▶ _Your task_: Pictures are not repeated. Every line from the beginning of the entries through the one with "Soft Wild Rose Body Wash" is restated exactly.

Start of Given data

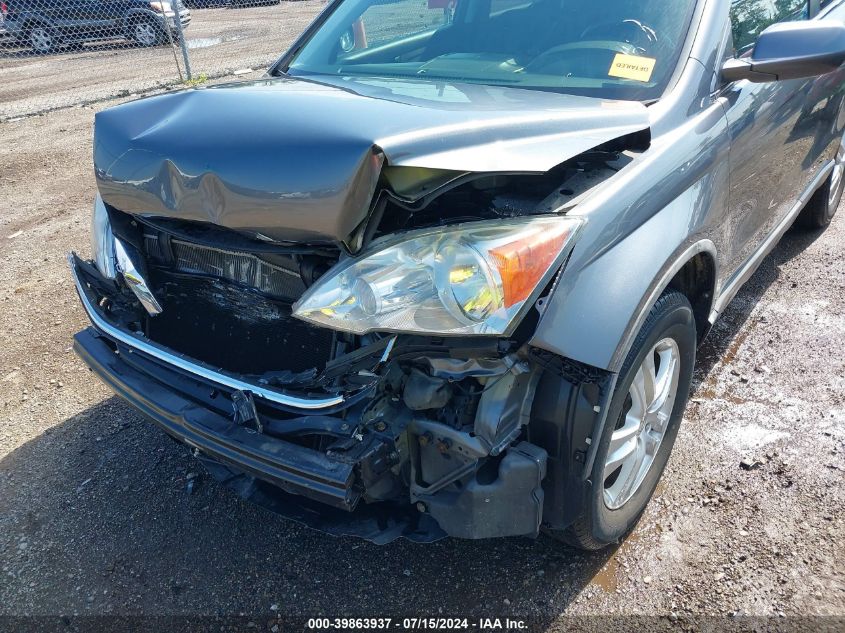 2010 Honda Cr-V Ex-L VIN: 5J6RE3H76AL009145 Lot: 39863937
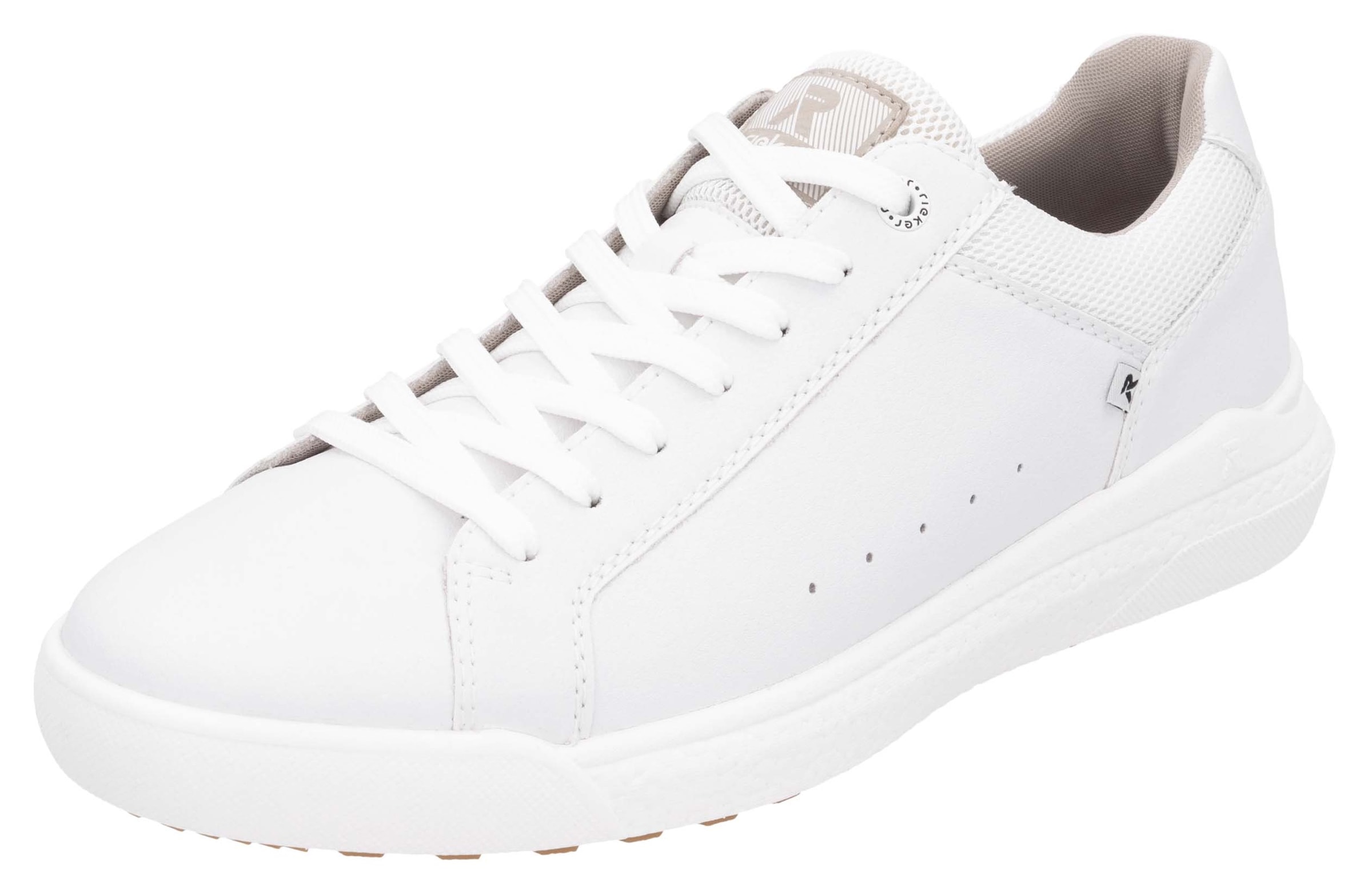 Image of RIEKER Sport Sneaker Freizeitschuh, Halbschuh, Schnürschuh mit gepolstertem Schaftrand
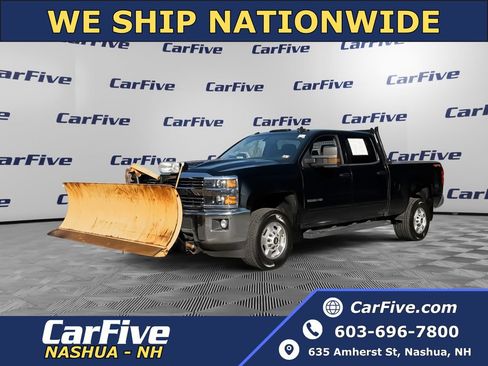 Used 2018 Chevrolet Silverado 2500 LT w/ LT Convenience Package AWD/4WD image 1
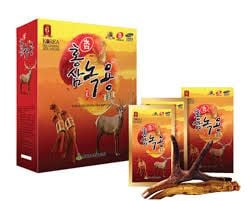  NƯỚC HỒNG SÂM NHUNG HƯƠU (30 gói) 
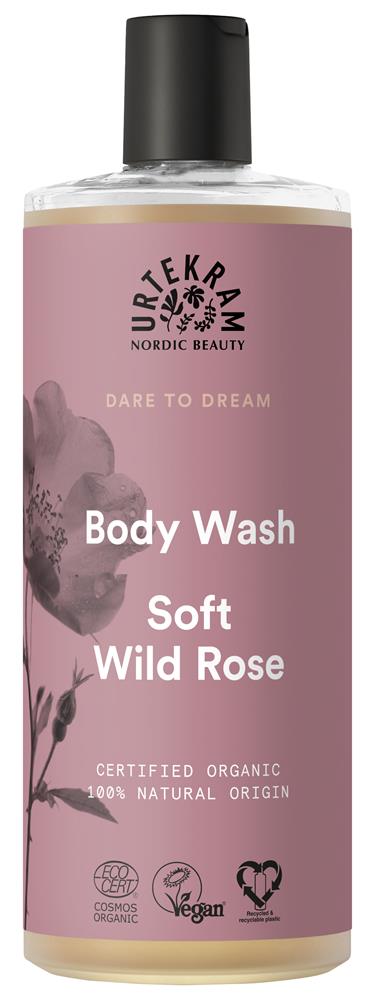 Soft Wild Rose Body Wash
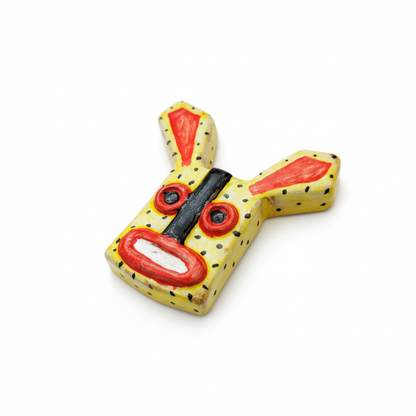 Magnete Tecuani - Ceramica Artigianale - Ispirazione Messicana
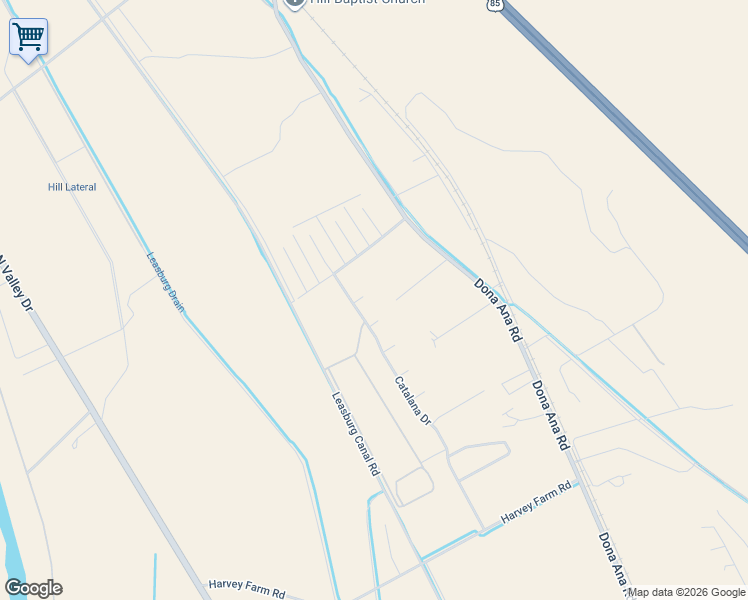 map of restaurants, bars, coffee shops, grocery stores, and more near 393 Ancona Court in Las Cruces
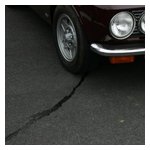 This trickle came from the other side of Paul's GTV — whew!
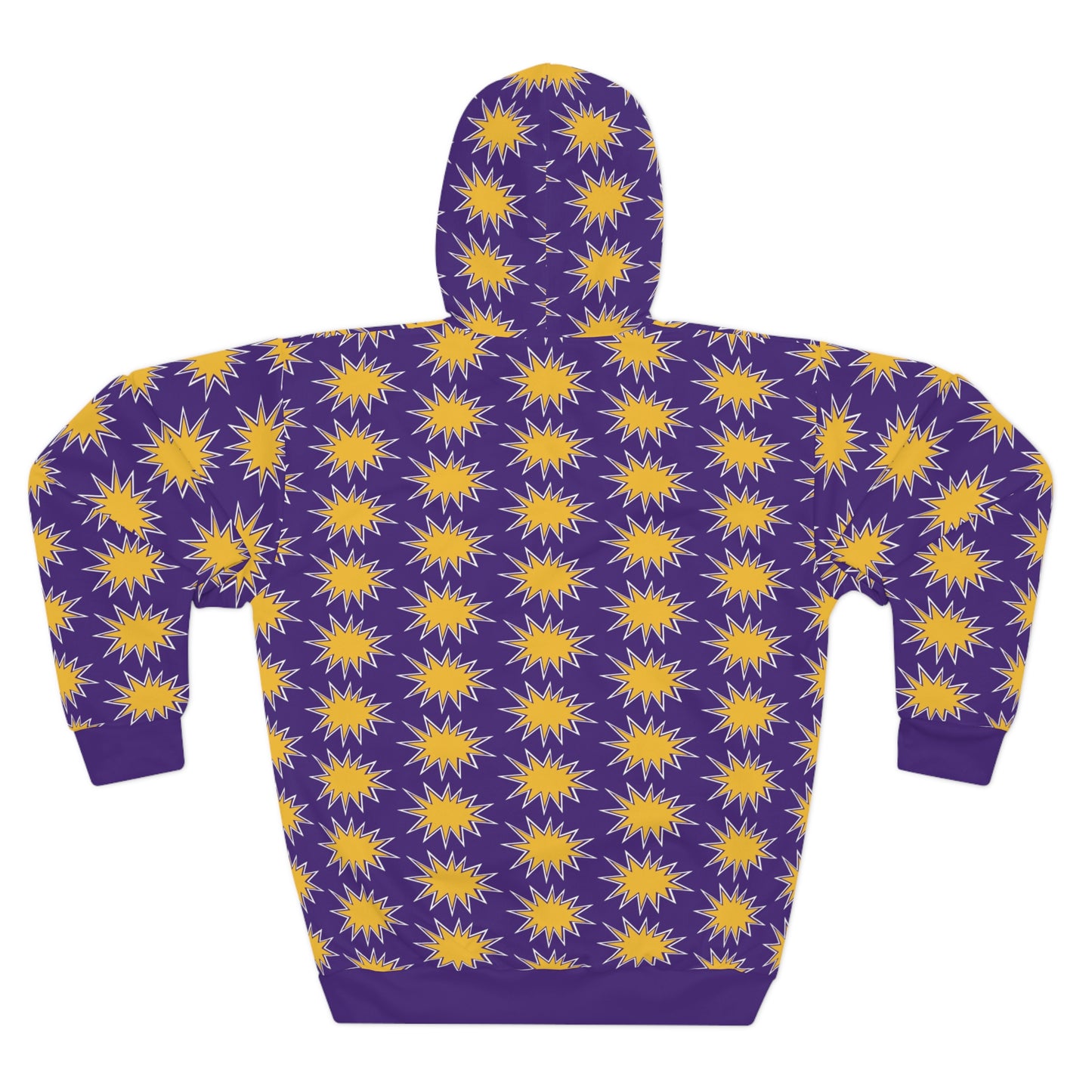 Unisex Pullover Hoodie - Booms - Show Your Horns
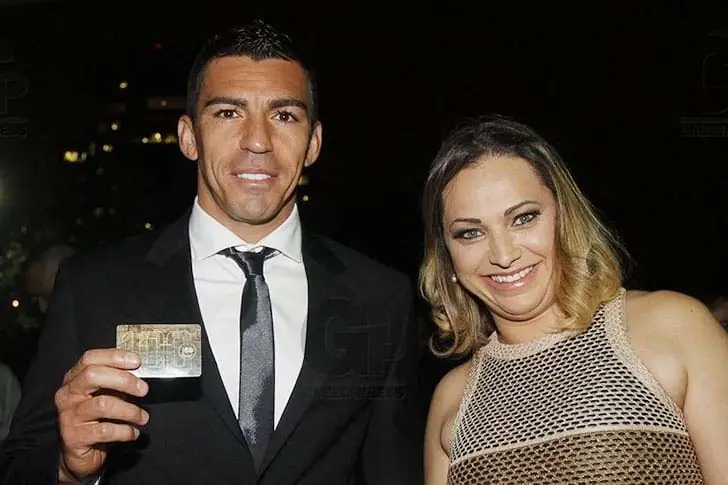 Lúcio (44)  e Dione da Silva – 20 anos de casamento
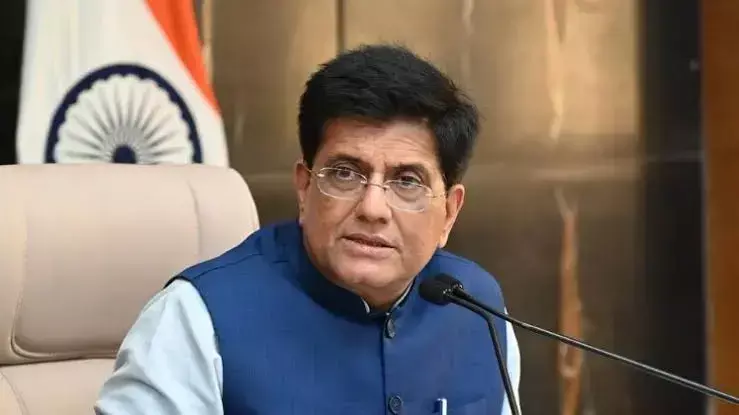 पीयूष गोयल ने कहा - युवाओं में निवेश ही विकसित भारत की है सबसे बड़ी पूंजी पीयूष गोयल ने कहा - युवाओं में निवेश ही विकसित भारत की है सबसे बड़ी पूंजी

End of Given data

▶ _Result of the task_:
 2010 Honda Cr-V Ex-L VIN: 5J6RE3H76AL009145 Lot: 39863937
 Image of RIEKER Sport Sneaker Freizeitschuh, Halbschuh, Schnürschuh mit gepolstertem Schaftrand
 Used 2018 Chevrolet Silverado 2500 LT w/ LT Convenience Package AWD/4WD image 1
  NƯỚC HỒNG SÂM NHUNG HƯƠU (30 gói) 
 Soft Wild Rose Body Wash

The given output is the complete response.